Data: Begin
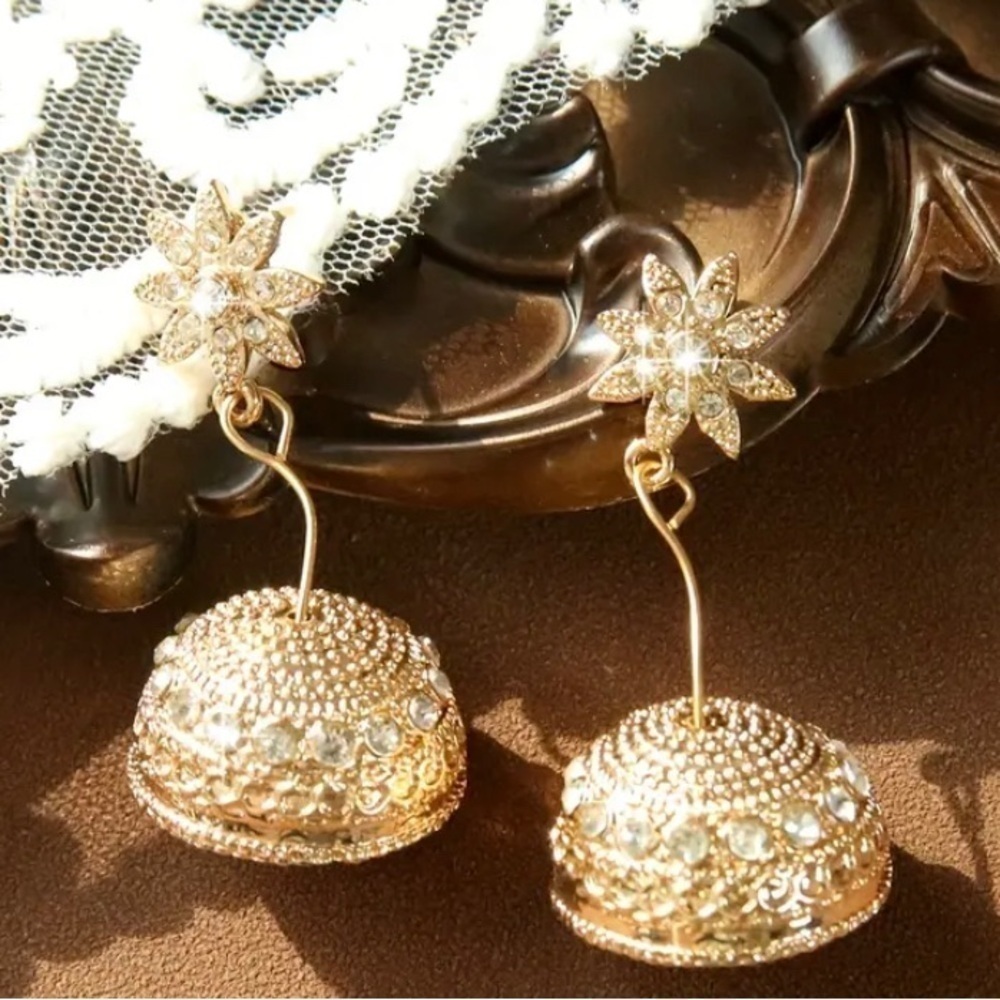 Bollywood Earrings - Picture 3 of 3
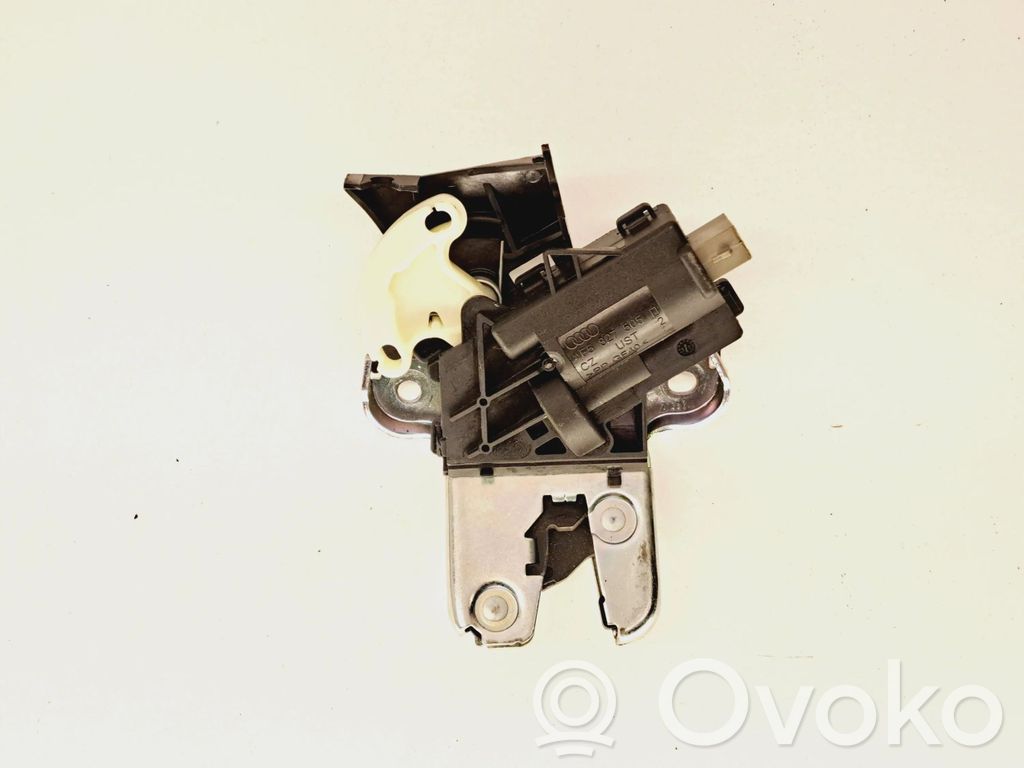Volkswagen PASSAT B7 Tailgate/trunk/boot lock/catch/latch 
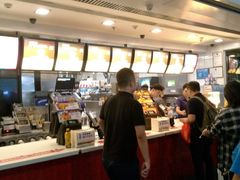 -麦当劳(深圳北站高铁店)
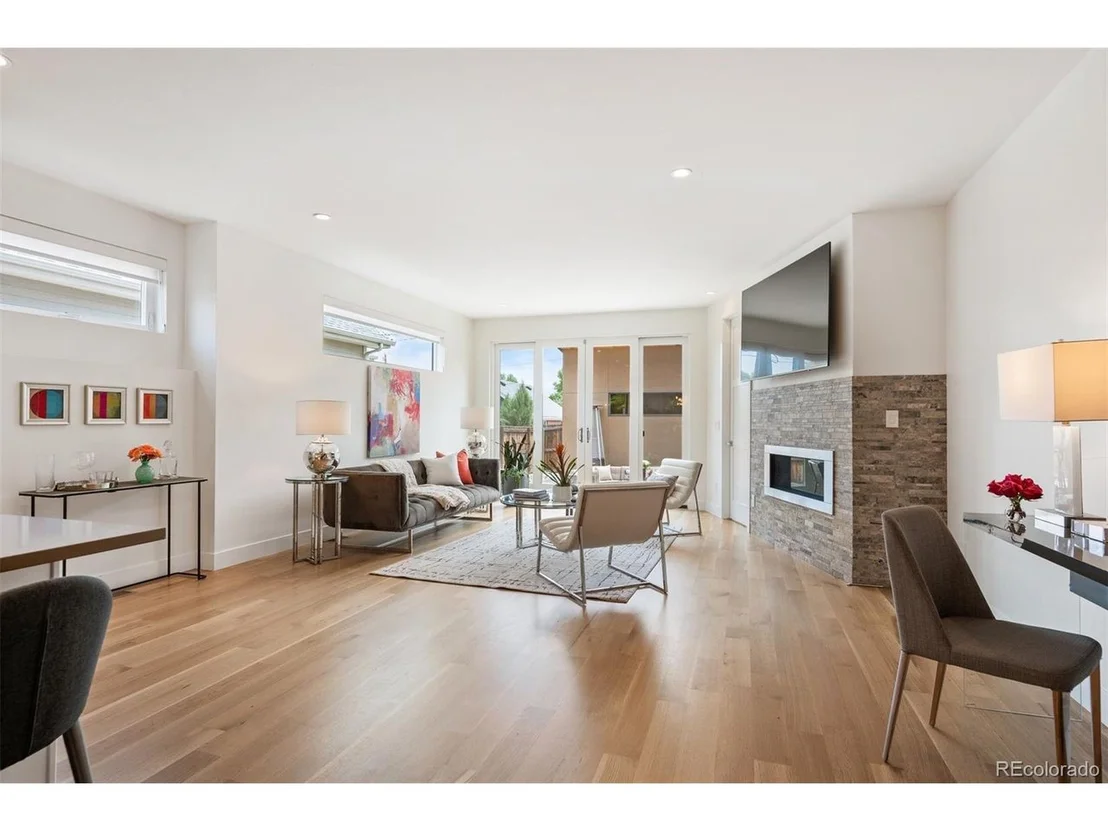 Photo of 2114 Lowell Blvd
Data: End
## What is required
From start to finish, output the listing exactly, but omit its pictures.

## Answer for the task
 Bollywood Earrings - Picture 3 of 3
Volkswagen PASSAT B7 Tailgate/trunk/boot lock/catch/latch 
 -麦当劳(深圳北站高铁店)
 Photo of 2114 Lowell Blvd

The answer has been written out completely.